Run SPP Problem (20.1% of XE Nodes)

The "namelist.input" files for the large case are in a sub-directory called "4560node_namelist_tac".  Copy these files to the main working directory (i.e., the directory containing the input and boundary condition files, "wrfinput_d01a" and "wrfbdy_d01", respectively):

cd 4560node_namelist_tac

/bin/cp -f namelist* ..

cd ..

 

Modify the path to the WRF executable in "runit.xe.omp.scale.ideal.tac", if necessary, then use the following command to run the large Hurricane Sandy benchmark (assumes bash as the default shell):

qsub.xe.omp.scale.ideal.tac 320 228 16 2 4 a

This command runs the Hurricane Sandy benchmark for 9000 time steps on 20.1% of the XE nodes, 16 cores per node, and 2 OpenMP threads per MPI rank.

Check Results

Job results are summarized in a file beginning with "NSTRIPE_WRF", and customized with the problem name, problem size and job ID.  The bottom of this file should have a message indicating "WRF Success".

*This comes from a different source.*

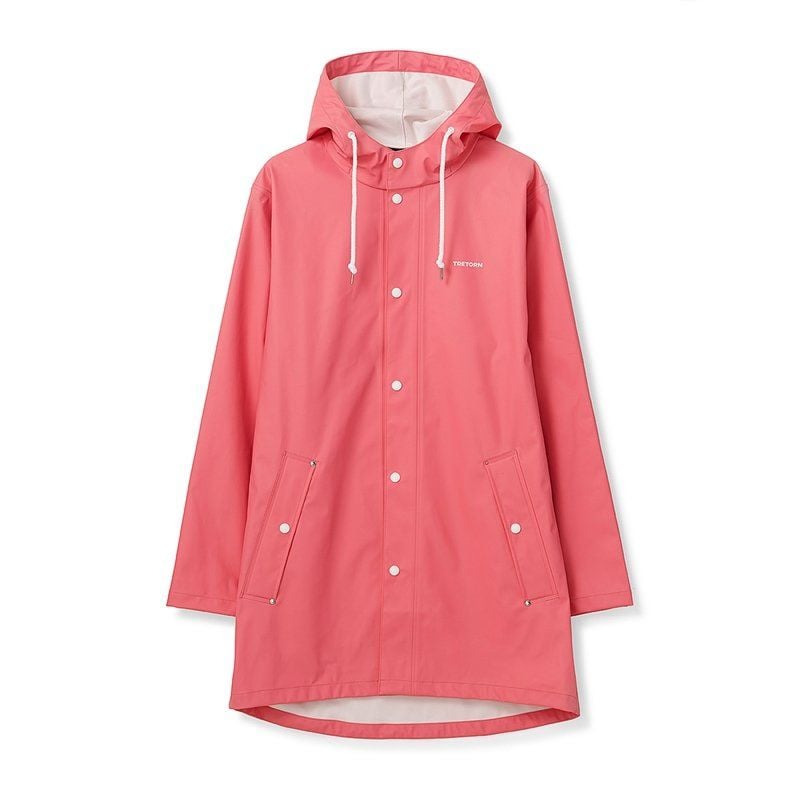 Tretorn Wings Classic Raincoat in Coral | Lotta from Stockholm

The actual WRF simulation data are written to a directory beginning with "APRIL_23", and customized wth the problem size and job ID.  Each MPI rank also writes a "rsl.out.XXXX" and "rsl.error.XXXX" file into this directory; check the corresponding "0000" files for additional status information.

Timing and Reference FLOP count

Problem Number of Nodes Time Steps Total Flops Walltime (s)
Test Case 2.01% of XE Nodes 900 29,209,000 GFLOPs 3,220
SPP Problem 20.1% of XE Nodes 9000 292,090,000 GFLOPs 10,260

Changelog

September 2017:   A sample output directory for the 4560-node WRF run, "APRIL_23.320x228_N16.7565719", is provided. The run used an tuned Lustre striping to reduce the IO time and has a smaller time to solution than the baseline run provided in the table above.

October 2017:  Another sample output directory for the 4560-node WRF run, "APRIL_23.320x228_N16.7607983" is also provided.  This directory corresponds to a non-optimized baseline run, as in the table above.